Overhauling elizabethmaxim.com and doing groundwork for various upcoming projects these past weeks has given me a unique perspective of how enslaved we’ve become to the socio-cultural dictates of how we spend time and energy during the holidays.
There’s a thought-provoking lecture on time and its influence on man in Bishop Pair, 2nd in the Metatron’s Army series.
Knowing this was how I was going to spend a portion of my holiday break, I scheduled time with the team that supports me months ago.
My job was to provide them with a concise vision from which to work. This meant we were able to maximize time spent.
I’m very proud of what we accomplished as a team and individuals and I am excited about upcoming projects.
And I’m a lot less stressed since all the legwork has been completed.
The experience – scheduling various team members’ time – brought to light just how integrated socially driven behavior has become in people’s lives.
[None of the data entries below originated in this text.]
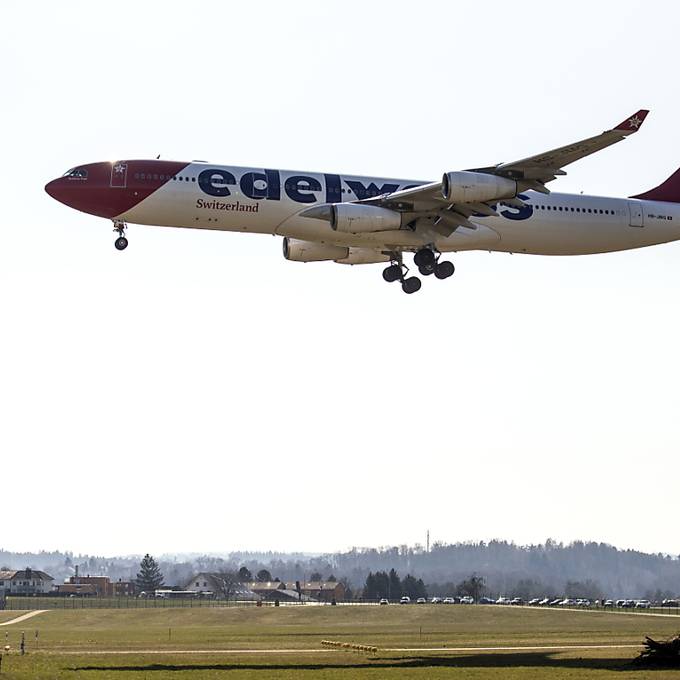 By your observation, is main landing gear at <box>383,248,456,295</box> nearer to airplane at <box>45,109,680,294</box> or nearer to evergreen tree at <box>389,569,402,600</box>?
airplane at <box>45,109,680,294</box>

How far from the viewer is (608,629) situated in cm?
8262

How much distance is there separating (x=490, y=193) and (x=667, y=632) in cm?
3136

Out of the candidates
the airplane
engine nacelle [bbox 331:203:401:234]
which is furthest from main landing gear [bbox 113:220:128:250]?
engine nacelle [bbox 331:203:401:234]

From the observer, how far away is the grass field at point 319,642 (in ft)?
151

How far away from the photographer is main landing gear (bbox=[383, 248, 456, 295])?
67.3m

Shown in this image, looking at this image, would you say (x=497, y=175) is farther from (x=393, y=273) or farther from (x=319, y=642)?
(x=319, y=642)

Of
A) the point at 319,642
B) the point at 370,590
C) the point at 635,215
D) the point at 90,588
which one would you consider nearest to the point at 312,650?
the point at 319,642

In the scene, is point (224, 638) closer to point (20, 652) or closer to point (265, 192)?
point (20, 652)

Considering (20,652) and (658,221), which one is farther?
(658,221)

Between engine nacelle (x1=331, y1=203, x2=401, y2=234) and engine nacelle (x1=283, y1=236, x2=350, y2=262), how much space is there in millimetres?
6144

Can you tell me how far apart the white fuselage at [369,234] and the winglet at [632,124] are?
398 inches

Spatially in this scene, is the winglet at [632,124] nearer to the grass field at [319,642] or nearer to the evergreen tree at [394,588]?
the grass field at [319,642]

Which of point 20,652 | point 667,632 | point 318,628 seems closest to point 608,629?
point 667,632

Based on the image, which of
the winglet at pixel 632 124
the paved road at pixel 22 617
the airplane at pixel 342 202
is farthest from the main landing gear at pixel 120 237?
the paved road at pixel 22 617
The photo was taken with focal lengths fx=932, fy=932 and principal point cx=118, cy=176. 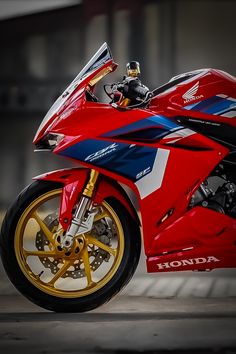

Cultural norms and expectations drive behavior.
It was interesting to note just how dramatically Western holiday behavior (at least in the US) has changed over the past several decades.
When I was growing up nothing was open on Sundays or holidays. That was family time. You had to make sure you had gas in your car and food in your house before Saturday evening/Sunday morning.
Though holiday activities have been dictated by cultural norms for years, the timing of those activities has and continues to change.
I did a Black Friday thing once to get a deal on a 5-disc CD changer. Never again.
The interesting part is that while the changes have drawn criticism, nowhere have I seen it pointed out that people are choosing to be herded in these directions.
They choose to leave a family event to go shopping. They choose to stand in ridiculously long lines starting before dawn. They choose to start Christmas shopping before Halloween.
It’s easy to see how we got to this point because as a society we are used to having our holiday time planned out for us.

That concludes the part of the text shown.